Now a van is standing at the edge of the vineyard and its driver is surveying the land, ahead of the construction of a boutique winery, a visitors’ center and B&Bs. Raz’s property is only the first in a series of similar plots that will be part of this new project. If all goes well, from 2010 the riverbed will be colored green by more than 1,000 dunams (250 acres) of vineyards and olive trees, cherry groves and fruit trees, all of them organic. (The fact that the fertile soil here has never been tainted by modern pesticides led the project leaders to demand organic crops.) Between the fields there will be tourist attractions, such as a farmers’ market, olive presses, boutique wineries and even a large commercial winery, which will be the standard-bearer for the Mitzpeh Ramon wine region.
Raz actually studied communications, but his roots, planted deep in the settlement movement, gave him no rest.

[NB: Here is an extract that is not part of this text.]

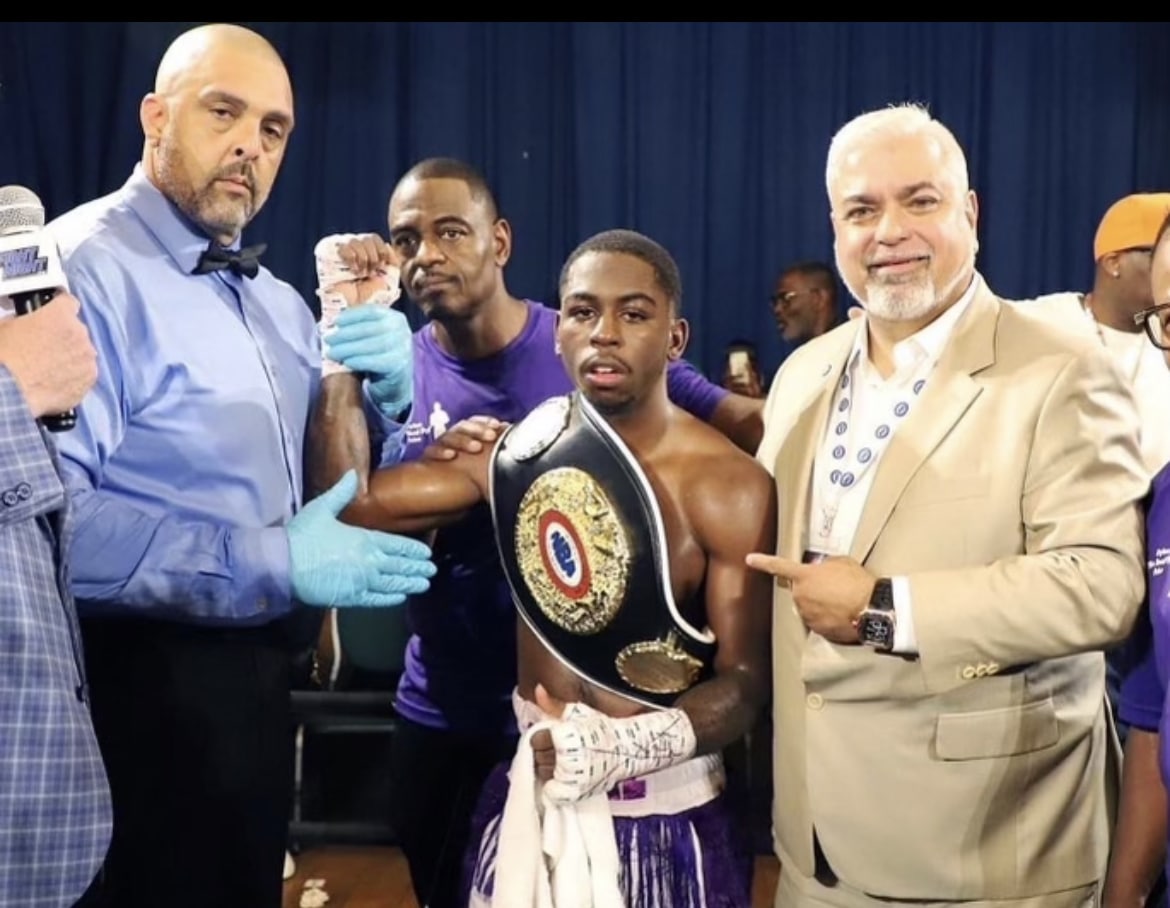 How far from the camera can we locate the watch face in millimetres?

In 1998 he arrived at the Elah Valley Winery to manage the highly cultivated vineyards of this rich kosher boutique winery, which also supplies grapes to other wineries. Afterward, he was courted by some of the country’s top wineries, in the hope that he would share his wisdom with their staff. But Raz, who loves the desert as much as he loves wine, took his family to Mitzpeh Ramon.
In the Judean Hills vine growers have to cope with deer and jackals; on the Golan Heights, with wild boar that have developed an appetite and a fondness for Gala apples; and in Mitzpeh Ramon, Raz’s bane is termites. Who knew that there were hundreds of varieties of termites in southern Israel. And that there are also camels and their riders, who treat the oasis that has suddenly sprung up on the edge of the crater as a friendly roadside restaurant, and convoys of smugglers transporting their cargo on all-terrain vehicles.

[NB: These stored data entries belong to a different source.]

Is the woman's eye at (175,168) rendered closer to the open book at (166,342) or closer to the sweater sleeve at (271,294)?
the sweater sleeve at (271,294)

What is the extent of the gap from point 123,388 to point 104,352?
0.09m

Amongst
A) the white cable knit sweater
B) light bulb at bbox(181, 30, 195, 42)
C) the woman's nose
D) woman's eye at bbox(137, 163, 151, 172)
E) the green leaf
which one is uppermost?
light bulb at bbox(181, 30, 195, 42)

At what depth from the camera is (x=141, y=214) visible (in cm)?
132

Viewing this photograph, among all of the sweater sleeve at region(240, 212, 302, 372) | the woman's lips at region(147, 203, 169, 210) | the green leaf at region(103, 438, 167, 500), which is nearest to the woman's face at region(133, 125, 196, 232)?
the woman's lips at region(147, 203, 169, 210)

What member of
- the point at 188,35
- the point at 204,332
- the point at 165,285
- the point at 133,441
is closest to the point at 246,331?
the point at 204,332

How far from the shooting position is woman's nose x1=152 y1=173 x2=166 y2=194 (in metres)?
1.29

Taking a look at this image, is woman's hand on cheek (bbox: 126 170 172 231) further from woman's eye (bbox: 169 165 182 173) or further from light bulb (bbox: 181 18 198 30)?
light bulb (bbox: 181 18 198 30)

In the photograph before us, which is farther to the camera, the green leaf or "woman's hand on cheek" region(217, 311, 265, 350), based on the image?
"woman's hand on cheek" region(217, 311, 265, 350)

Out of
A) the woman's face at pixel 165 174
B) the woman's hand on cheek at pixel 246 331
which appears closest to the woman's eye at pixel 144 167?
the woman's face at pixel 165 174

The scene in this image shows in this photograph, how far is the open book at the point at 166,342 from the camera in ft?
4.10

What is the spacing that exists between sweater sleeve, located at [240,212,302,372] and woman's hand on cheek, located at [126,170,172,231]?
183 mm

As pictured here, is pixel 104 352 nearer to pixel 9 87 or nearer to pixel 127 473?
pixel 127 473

Even after the first vineyard yields its fruit, in another two years, Raz will need many long years to study the soil and decipher the region’s singular secrets. After all, in France they have been cultivating vineyards for centuries, in the Golan Heights for a quarter of a century, and both here and there they are still learning.
Agriculture will win
Name: Marc Sarbier Place: Kibbutz Tzuba Vineyard: Tzova Grape varieties: Merlot, Cabernet Sauvignon, Chardonnay, Sauvignon Blanc, Viognier, Semillon, Petit Verdot, Cabernet Franc -(and experimental varieties) Wine made from the vineyard’s grapes by Castel Winery: Grand Vin 2005
An emotional cry arises from the rows of winegrowers - students from the Hebrew University of Jerusalem and recently discharged soldiers - heralding the arrival of the frenetic French imp, who bounds merrily between the apple orchards, vineyards, ancient olive presses and burial caves scattered across the biblical landscapes of the wadis and riverbeds. Marc Sarbier -(from the ancient Jewish name Sharbiya) was born in Tunis. At the age of two he moved with his family to France - to Montpellier and then to Dijon, where he obtained a masters degree in applied mathematics and worked as a teacher in a country that not only honors members of the teaching profession with the title of professor, but also recompenses them economically. Afterward he immigrated to Israel and chose the kibbutz way of life, in one of the few kibbutzim that has managed to preserve - thanks to the financial success of its industries - agricultural work and the principles of kibbutz life in full.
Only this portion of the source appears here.